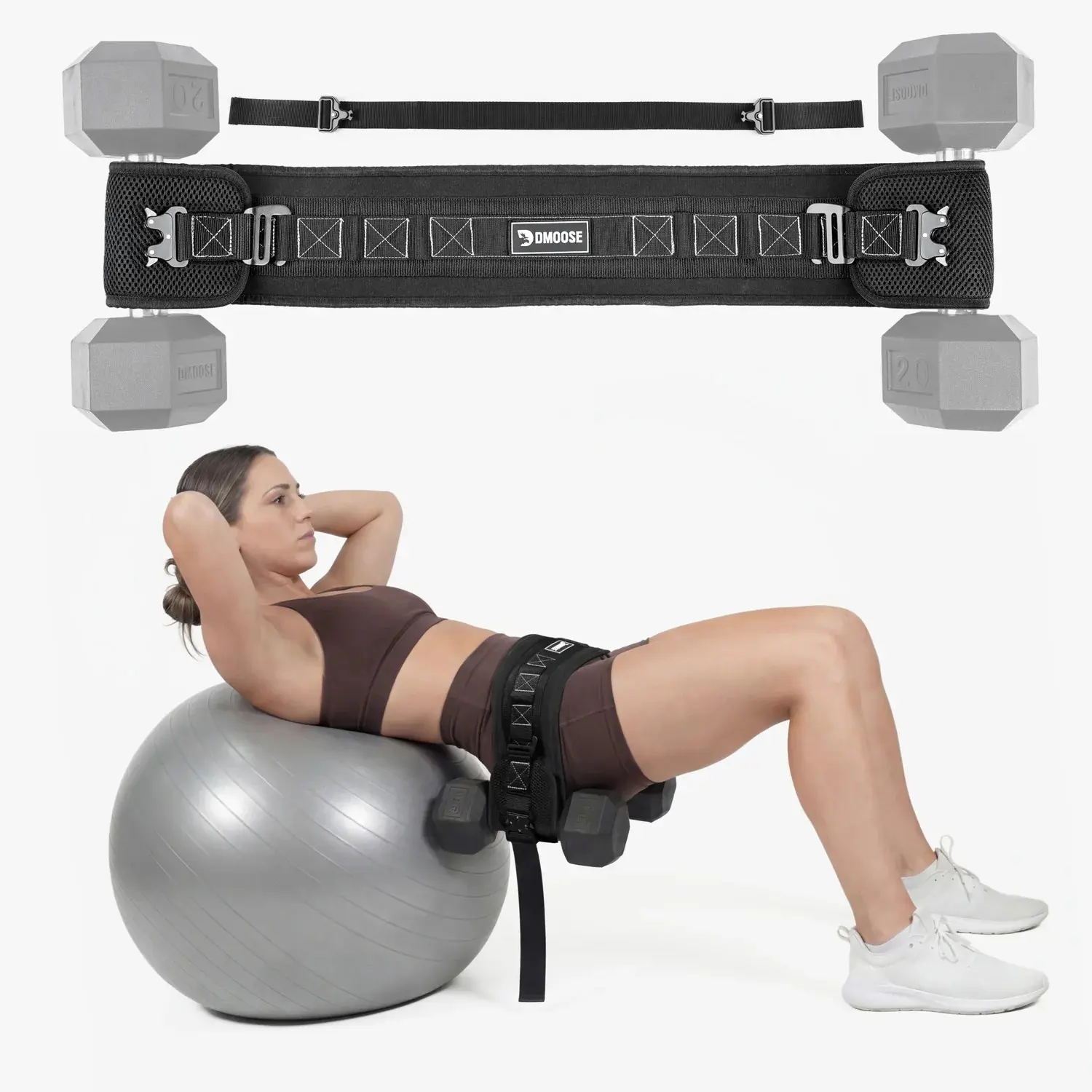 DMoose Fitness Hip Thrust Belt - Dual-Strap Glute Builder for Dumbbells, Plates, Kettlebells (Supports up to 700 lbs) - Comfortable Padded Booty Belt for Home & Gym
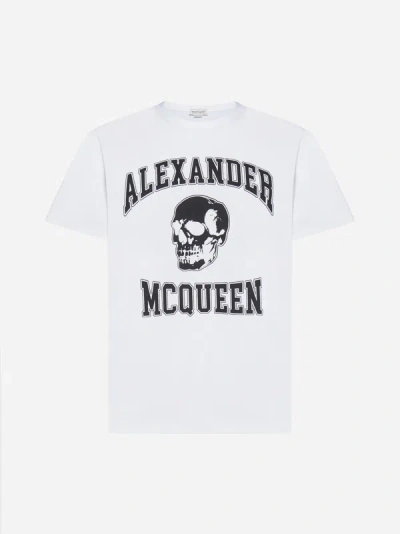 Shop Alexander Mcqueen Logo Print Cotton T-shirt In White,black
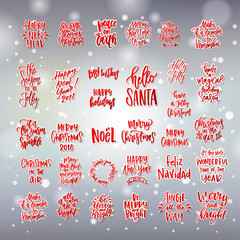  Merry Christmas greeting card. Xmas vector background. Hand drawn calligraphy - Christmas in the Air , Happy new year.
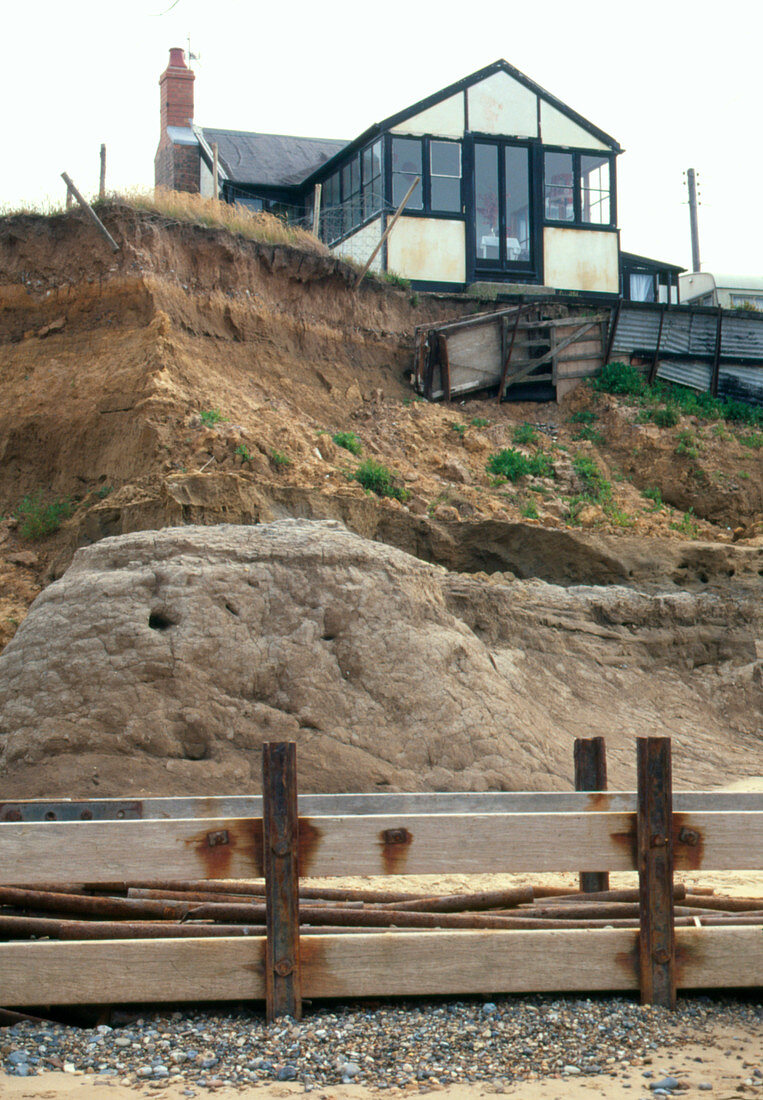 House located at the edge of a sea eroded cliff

TASK INSTRUCTIONS: A faithful copy is needed: reproduce all of the data above, leaving the pictures out.

SOLUTION TO THE PROBLEM:
 DMoose Fitness Hip Thrust Belt - Dual-Strap Glute Builder for Dumbbells, Plates, Kettlebells (Supports up to 700 lbs) - Comfortable Padded Booty Belt for Home & Gym
 Shop Alexander Mcqueen Logo Print Cotton T-shirt In White,black
  Merry Christmas greeting card. Xmas vector background. Hand drawn calligraphy - Christmas in the Air , Happy new year.
 House located at the edge of a sea eroded cliff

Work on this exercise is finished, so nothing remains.